**Action item**
Transcribe only the lines in the data below falling between the line with "lampadaire vintage en teck et laiton" and the line with "Захисний чохол Deexe", including those two lines, and leave out any picture.
####
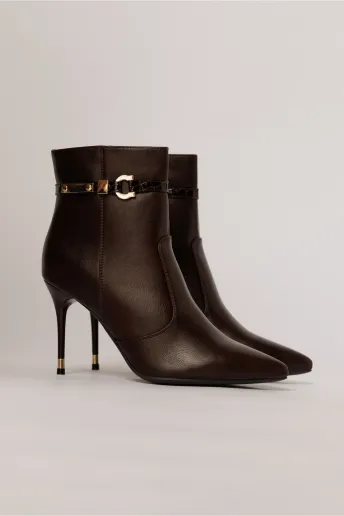 Botine burgundy elegante cu design modern si detalii aurii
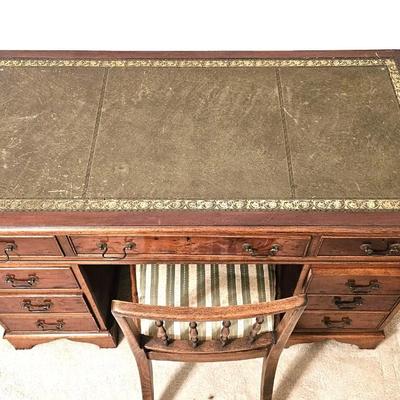 Vintage Mahogany Georgian Partners Desk with Green Tooled Leather Top including Matching Chair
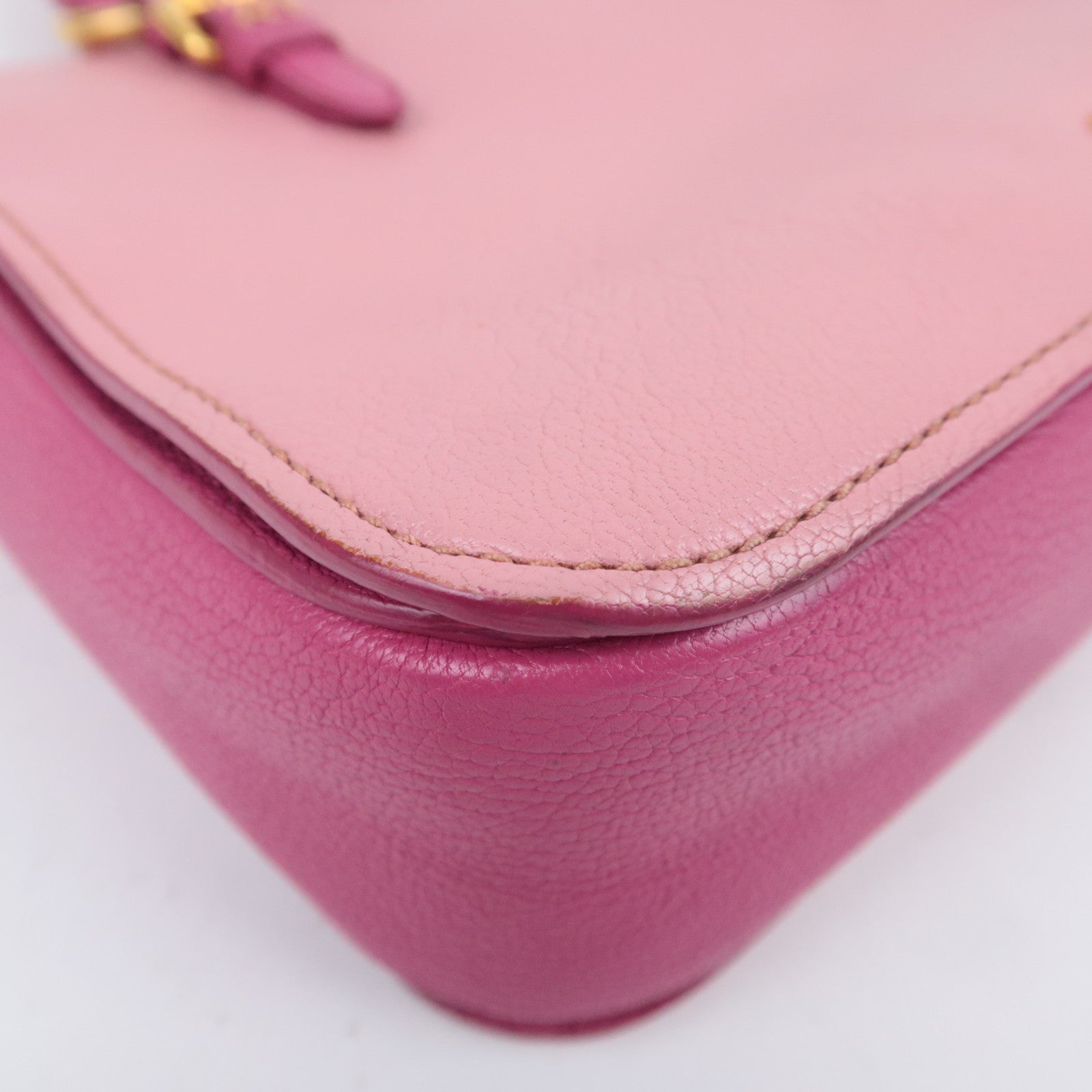 MIU MIU Madras Leather Handbag Pink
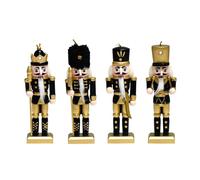 Falafoty 4 Piezas Cascanueces De Navidad Oro Negro Figuras de Soldado Cascanueces de Madera Cascanueces de 13 cm Decoraciones de Navidad Regalos de Party para Niños Adultos
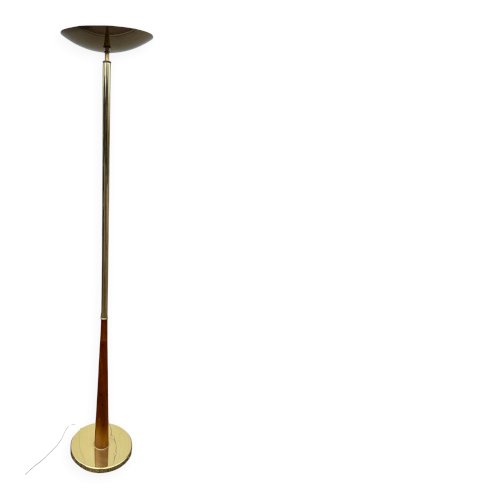 lampadaire vintage en teck et laiton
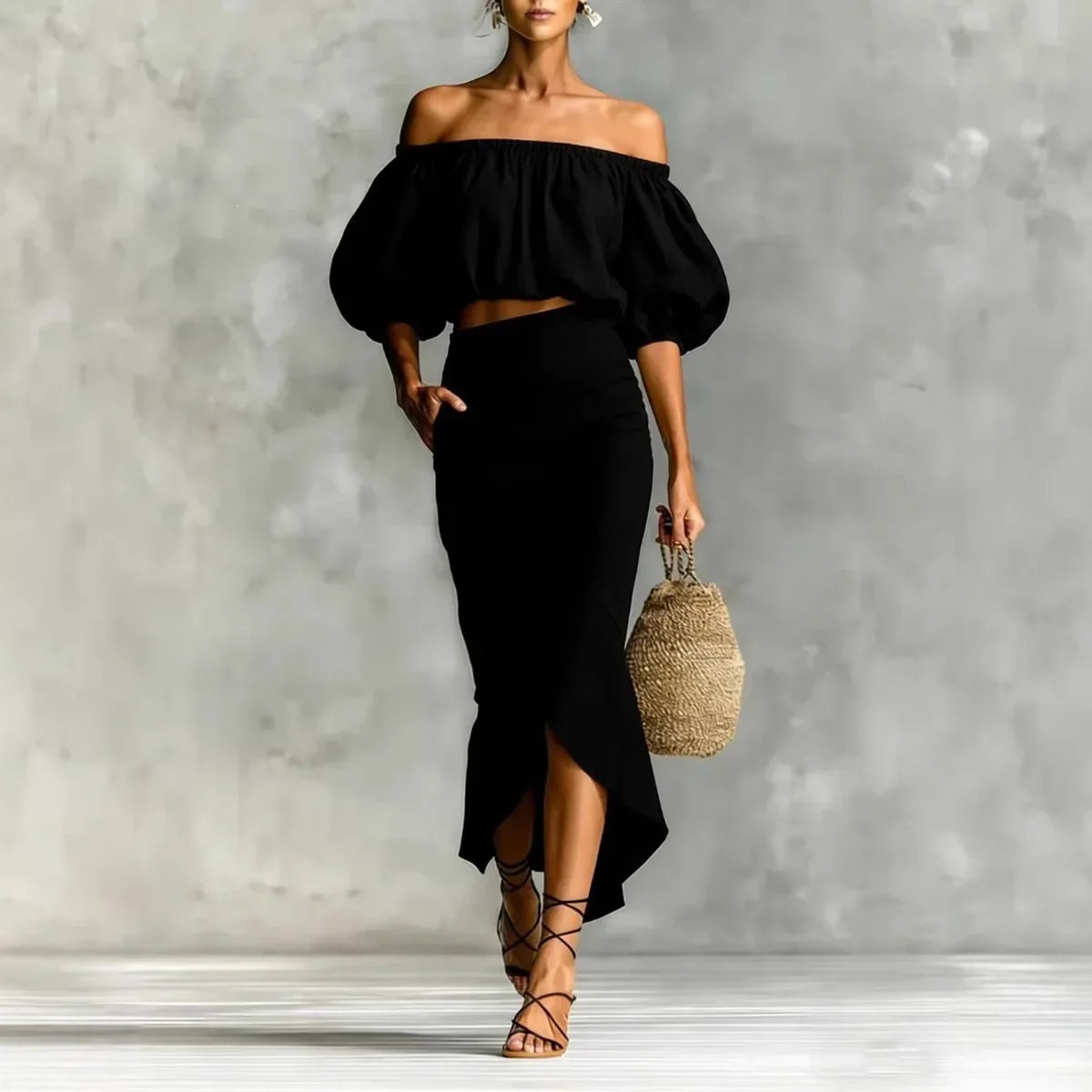 Haven Beck Blaire Off-Shoulder Skirt Set Puff Sleeve Midi Wrap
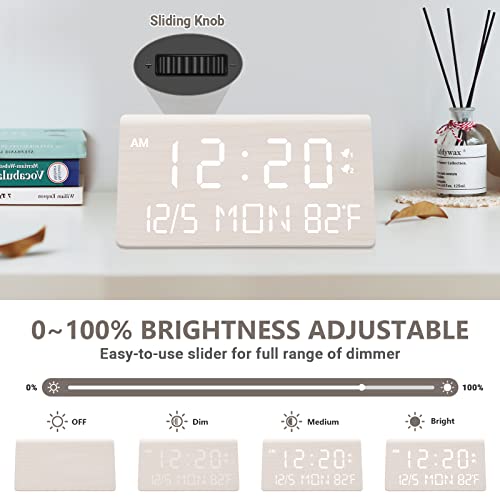 Fomobest Wooden Digital Alarm Clock, 0-100% Dimmer, Dual Alarm Settings, Weekday/Everyday Mode, 9 Mins Snooze, 12/24H, Temperature And Date Display, Modern Clock For Kids Bedroom Living Room #TOP1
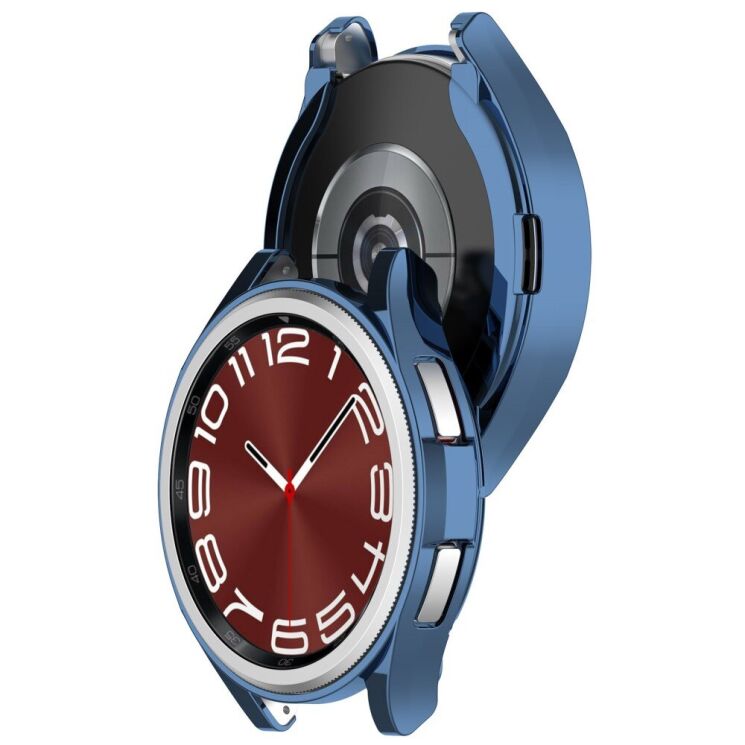 Захисний чохол Deexe Silicone Frame для Samsung Galaxy Watch 6 Classic (47mm) - Blue: фото 5 з 8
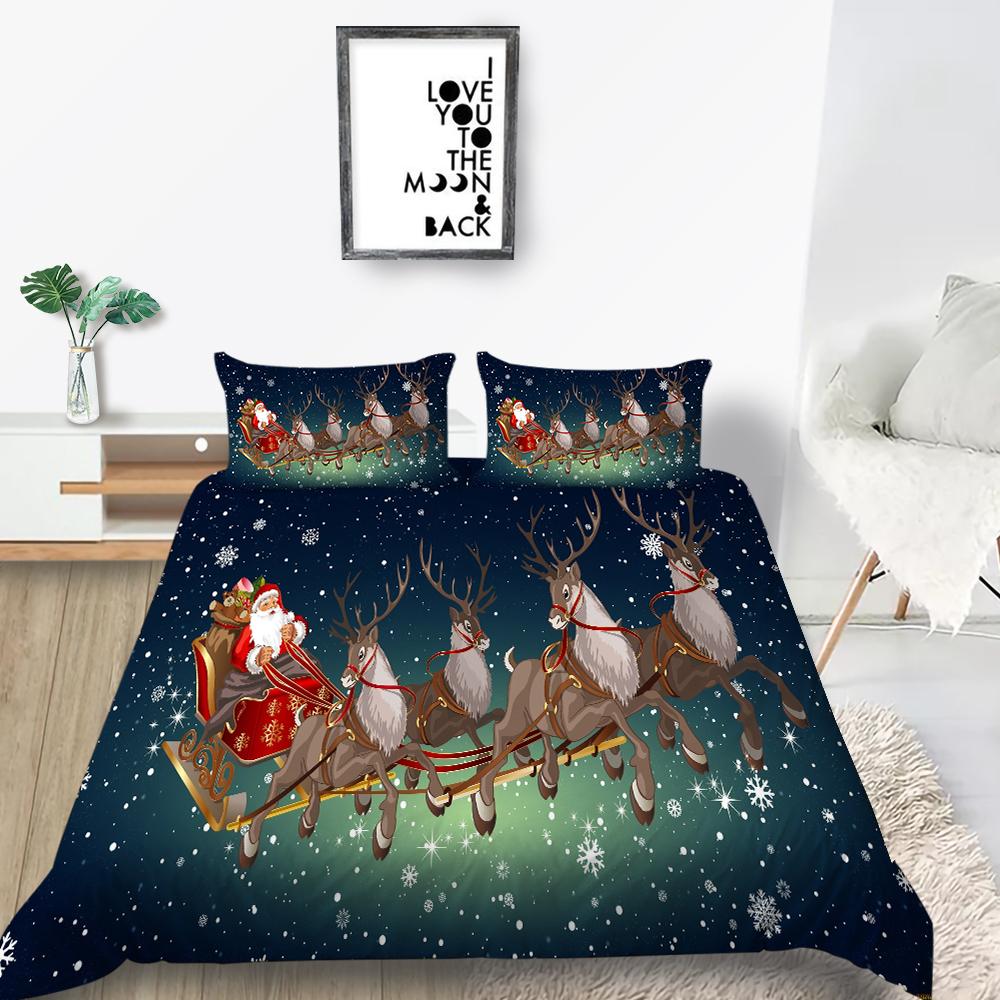 Bettwäscheset, neue Tagesdecke, 3D-Weihnachtsdekoration, Familienschlafzimmer, Einzelbett, Doppelbett, volle Größe, Steppdecke und Kissenbezug, Mikrofaser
####
**Answer section**
 lampadaire vintage en teck et laiton
 Haven Beck Blaire Off-Shoulder Skirt Set Puff Sleeve Midi Wrap
 Fomobest Wooden Digital Alarm Clock, 0-100% Dimmer, Dual Alarm Settings, Weekday/Everyday Mode, 9 Mins Snooze, 12/24H, Temperature And Date Display, Modern Clock For Kids Bedroom Living Room #TOP1
 Захисний чохол Deexe Silicone Frame для Samsung Galaxy Watch 6 Classic (47mm) - Blue: фото 5 з 8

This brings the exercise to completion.